Take Tim Hortons’ Mother’s Day deal: Show up at one of six participating Tim Hortons locations across the U.S. on Sunday, ask for a “mom-sized” coffee, and you will receive a 52-ounce iced monstrosity in return. That is nearly twice the volume of Starbucks’ biggest 31-ounce Trenta size. Tim Hortons told the Takeout that the company is aiming for inclusivity by allowing moms of all genders and of all offspring — even “dog moms” — to get in on the deal. But the understanding of the joke hinges on the implicit understanding that moms are so busy and overworked that they need 572mg of caffeine to get through the day. (The Mayo Clinic suggests that “up to 400 milligrams (mg) of caffeine a day appears to be safe for most healthy adults.” Why does the Mayo Clinic hate working moms who just want to lean in and have it all?) Paid parental leave and work-life balance may be lost causes, but Tim Hortons is here to fuel the never-ending hustle and productivity of mom bosses everywhere.
Tropicana’s attempt falls back on the tried-and-true tradition of preparing breakfast in bed for Mom, this year in the form of a “Mother’s Day Hotline” from 5 a.m. to 2 p.m. EST on Sunday, during which “advisors will be waiting to give dads and kids advice and answer all of their burning questions, like: What’s the ratio of OJ to bubbly in a mimosa? What should I serve my mom for a special holiday brunch? How do I make the perfect scrambled eggs?” Once again, the concept only works if we accept the norm of moms grinding away alone in the kitchen, while dads — all dangerously stupid, if you believe advertisers — look on cluelessly. Rather than celebrate Mom by giving her “a morning off of breakfast duty and a few extra minutes to snooze the alarm,” as the PR copy suggests, maybe advocate for a more equitable division of “breakfast duty” labor in the first place?
Both these gimmicks fall into the same trap that German supermarket Edeka recently stumbled headfirst into with its trope-filled Mother’s Day advertisement.
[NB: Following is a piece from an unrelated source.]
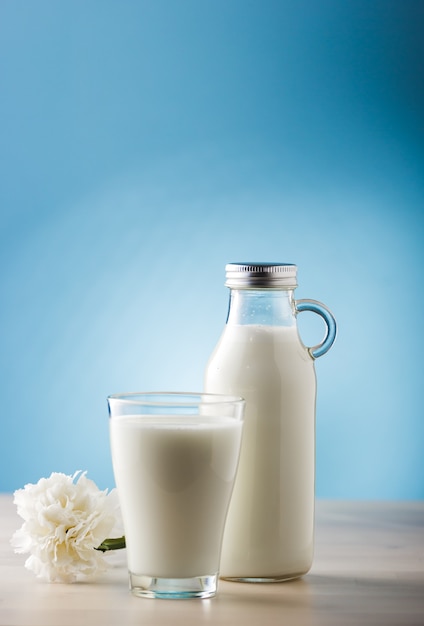 Jar and glass of milk on a wooden table and blue background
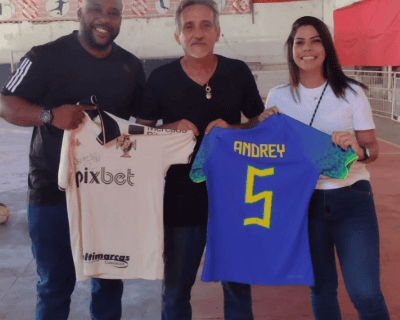 Mario Andrey e duas pessoas segurando camisas de futebol do Vasco.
In the video, which has been downvoted into the depths of hell, bumbling fathers are depicted as incompetent fools who fail at everyday parenting tasks like blending up baby food, combing hair, and reading bedtime stories. The final shot — a mother, gentle and maternal, in contrast with a sloppy, chips-shoveling dad — and the closing punchline, “Mom, thank you for not being Dad,” encapsulates everything wrong with the way advertisers reinforce gender stereotypes. Unsurprisingly, the campaign has not been popular, accomplishing the double-whammy of pissing off both women and men.
It’s worth considering Kraft’s Mother’s Day stunt, which takes a similar approach to Tropicana’s promotion by promising some time off for mothers — but by reimbursing up to $100 worth of babysitting. The idea and the accompanying ad still panders to the notion that women are primary caregivers (an unfortunate truth), but here, at least, the gimmick’s purported beneficiaries actually walk away with a tangible measure of absolved labor and capital. In a time when women are stripped of rights to an increasingly dangerous degree, this particular example of brand #empowerment is, at least, a more tolerable substitute for real systemic changes and strides towards gender parity.
This Mother’s Day, as you face the mild inconvenience of celebrating a hardworking woman, the best move, perhaps, is to look beyond the grocery aisle or coffee line to ways — like, say, advocating for universal childcare — that can benefit her and other moms more permanently.